Congress passed the Law Enforcement Officers Safety Act of 2004 to allow retired and off-duty officers across the country to carry concealed weapons.
But the city is worried about the liability of allowing retired cops to carry guns when they haven’t gone through refresher training or undergone mental and physical fitness evaluations. The city also is concerned about the lack of a national database of retired officers authorized to carry guns.
‘A RESPONSIBILITY,’ NOT A LUXURY
Sheri Mecklenburg, general counsel to police Supt.

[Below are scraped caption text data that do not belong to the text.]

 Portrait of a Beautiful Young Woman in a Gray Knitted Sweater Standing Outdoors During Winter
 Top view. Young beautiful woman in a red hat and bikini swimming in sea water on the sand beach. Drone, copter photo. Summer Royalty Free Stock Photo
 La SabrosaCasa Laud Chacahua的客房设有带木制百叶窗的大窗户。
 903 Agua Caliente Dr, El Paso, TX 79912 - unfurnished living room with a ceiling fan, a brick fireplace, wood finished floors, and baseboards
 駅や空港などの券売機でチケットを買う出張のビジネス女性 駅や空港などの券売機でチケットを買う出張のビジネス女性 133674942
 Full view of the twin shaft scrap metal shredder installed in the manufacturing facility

Phil Cline, said the federal law does not define how a department should determine an officer had retired “in good standing.”
“We would want some federal legislation to protect us from liability and some national database of people authorized to carry a gun,” she said.

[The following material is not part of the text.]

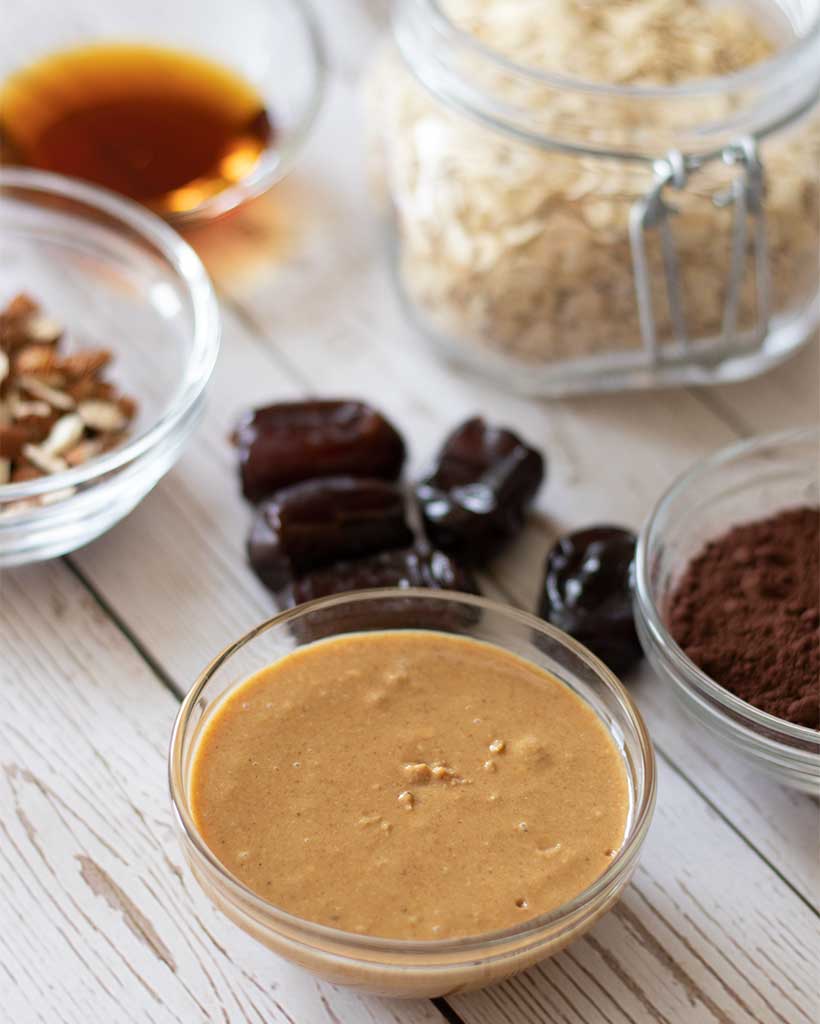 Plate full of naturally sweetened no bake tahini dessert cookies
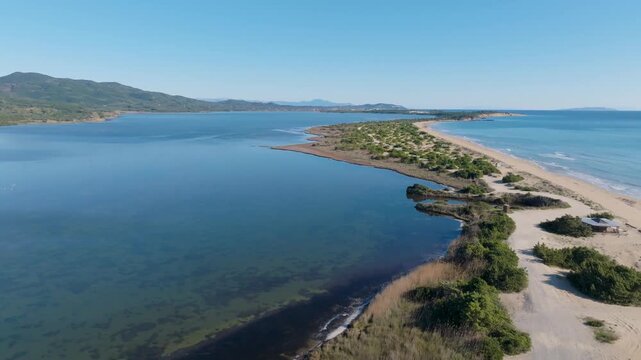 Aerial panorama of Halikounas beach and Korission lagoon showing the narrow strip of sand separating the lake from the sea in Corfu Greece nature reserve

Mecklenburg said she did not know how many of the city’s 9,000 retired cops have asked to be certified to carry a gun.
The letter to retired Chicago cops says “until these areas of concern are addressed by federal legislation, the Department has declined to adopt new procedures for qualifying retired officers to carry a firearm.”
“They have no right to do this,” responded Mark Donahue, president of the Chicago Fraternal Order of Police.
Donahue said the Law Enforcement Officers Safety Act was a priority of the national FOP.
“The ability to carry a firearm, as expressed by the city, is a luxury,” he said. “From the perspective of law enforcement, it is a responsibility.”
The Chicago FOP’s Web site said its attorneys have advised against legal action so far. Instead, the lodge is “addressing the agencies responsible for ensuring the proper enabling procedures.”
Under the city’s interpretation of the federal law, the city can’t bar out-of-town retired officers from carrying guns if they have been certified by agencies outside Chicago.
But the city believes the federal government can’t force the city to certify retired officers here if it chooses not to.